As for the plan, we’ve secured lift tickets at Snowbasin for today to hopefully see Puckett in the combined and for Sunday, to see Katie Monahan in the women’s super G. According to Snowbasin officials, skiers can view the course from public-skiing areas, and that’s what we’re banking on. That, and the cell phone for interviews.
Cracking the course at Park City Mountain Resort to catch Klug in the snowboarding parallel giant slalom Thursday and Friday has proven to be a taller order as public skiers aren’t allowed near the course. (That’s according to a Park City Mountain Resort spokesman earlier this week, but we’ll see.)
Both days of the PGS are also sold out, at $100 apiece. But Klug’s mom, Kathy, contacted yesterday via cell phone, agreed to sell us spectator tickets for the 16-man finals on Friday, assuming Klug advances from Thursday’s qualifying round. (Kathy and Warren Klug are going to be watching Puckett at Snowbasin today, and to get the tickets, we’ve got to find them first.)
On the 410-mile journey from Aspen to Salt Lake yesterday, we made one notable stop – the liquor store in Fruita. “Real beer” is a commodity we hope to trade for accommodations at Katie’s place, an apartment in downtown Salt Lake City. However, Katie, a photographer friend of Jacob’s, was out on assignment last night when we arrived, and her brother/roommate Matt, wasn’t home either. (Two teenagers were waiting for us in the alley, however, trying to pawn a car CD player for a great price, complete with dangling cables.)

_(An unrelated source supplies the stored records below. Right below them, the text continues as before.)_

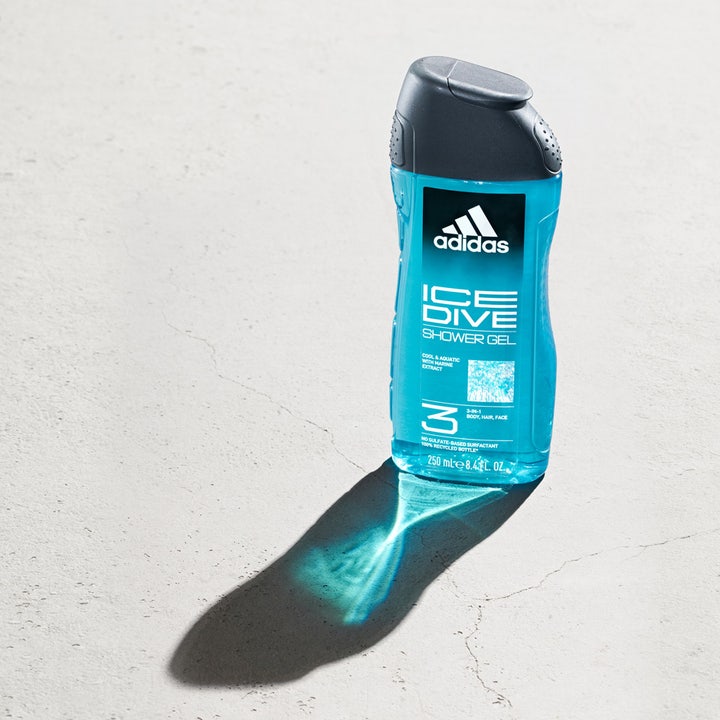 Adidas Ice Dive 400 ml dusjsåpe i blå gjennomsiktig flaske med mørkt lokk som kaster en turkis skygge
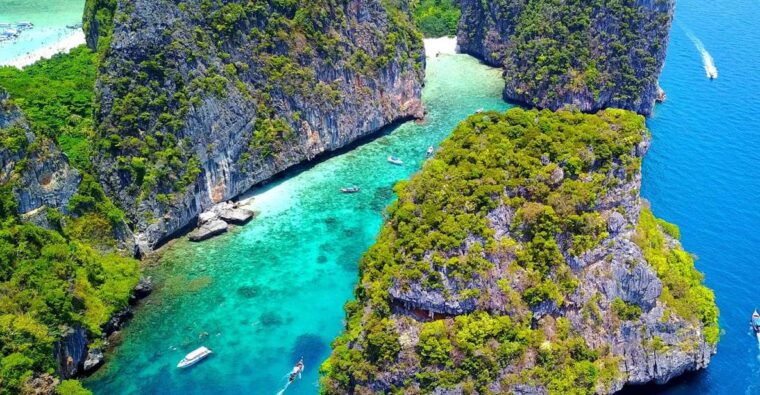 phuket-khao-lak-snorkeling-trip-to-phi-phi-bamboo-islands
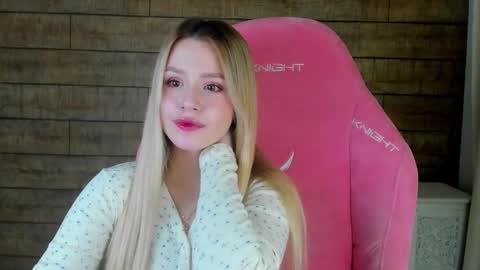 Snapshot of milanabalmain chatting on 03.04.26 MilanaBalmain online show from 03.04.26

We then set out in the Salt Lake night to find a phone line to transmit this story back to Aspen, with Jacob at the wheel and me typing away on a laptop computer in shotgun. In our blind search for an Internet portal, we passed by the Olympic flame at Rice-Eccles Stadium, then hordes of people streaming toward an outdoor concert. And as music pours into a parking garage that validates for Kinko’s customers, and deadline approaches amid the nighttime fanfare, it’s clear that we’ve found the Olympics.